Your assignment -
Transcribe the data underneath exactly, keeping every word in place.

Available records: Begin

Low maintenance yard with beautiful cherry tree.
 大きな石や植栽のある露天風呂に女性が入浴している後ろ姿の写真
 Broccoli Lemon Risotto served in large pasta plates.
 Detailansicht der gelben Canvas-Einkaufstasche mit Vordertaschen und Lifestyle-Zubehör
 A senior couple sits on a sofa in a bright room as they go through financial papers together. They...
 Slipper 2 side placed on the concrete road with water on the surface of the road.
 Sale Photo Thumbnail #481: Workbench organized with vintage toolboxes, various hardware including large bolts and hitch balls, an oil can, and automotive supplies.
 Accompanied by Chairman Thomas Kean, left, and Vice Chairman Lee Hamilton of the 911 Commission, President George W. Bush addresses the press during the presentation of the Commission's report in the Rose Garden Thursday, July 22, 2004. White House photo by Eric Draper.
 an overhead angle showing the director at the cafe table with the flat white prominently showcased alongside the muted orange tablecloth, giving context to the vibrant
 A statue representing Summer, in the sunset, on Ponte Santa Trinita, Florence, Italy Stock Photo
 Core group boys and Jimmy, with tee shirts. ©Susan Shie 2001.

Available records: End

Exercise solution -
Low maintenance yard with beautiful cherry tree.
 大きな石や植栽のある露天風呂に女性が入浴している後ろ姿の写真
 Broccoli Lemon Risotto served in large pasta plates.
 Detailansicht der gelben Canvas-Einkaufstasche mit Vordertaschen und Lifestyle-Zubehör
 A senior couple sits on a sofa in a bright room as they go through financial papers together. They...
 Slipper 2 side placed on the concrete road with water on the surface of the road.
 Sale Photo Thumbnail #481: Workbench organized with vintage toolboxes, various hardware including large bolts and hitch balls, an oil can, and automotive supplies.
 Accompanied by Chairman Thomas Kean, left, and Vice Chairman Lee Hamilton of the 911 Commission, President George W. Bush addresses the press during the presentation of the Commission's report in the Rose Garden Thursday, July 22, 2004. White House photo by Eric Draper.
 an overhead angle showing the director at the cafe table with the flat white prominently showcased alongside the muted orange tablecloth, giving context to the vibrant
 A statue representing Summer, in the sunset, on Ponte Santa Trinita, Florence, Italy Stock Photo
 Core group boys and Jimmy, with tee shirts. ©Susan Shie 2001.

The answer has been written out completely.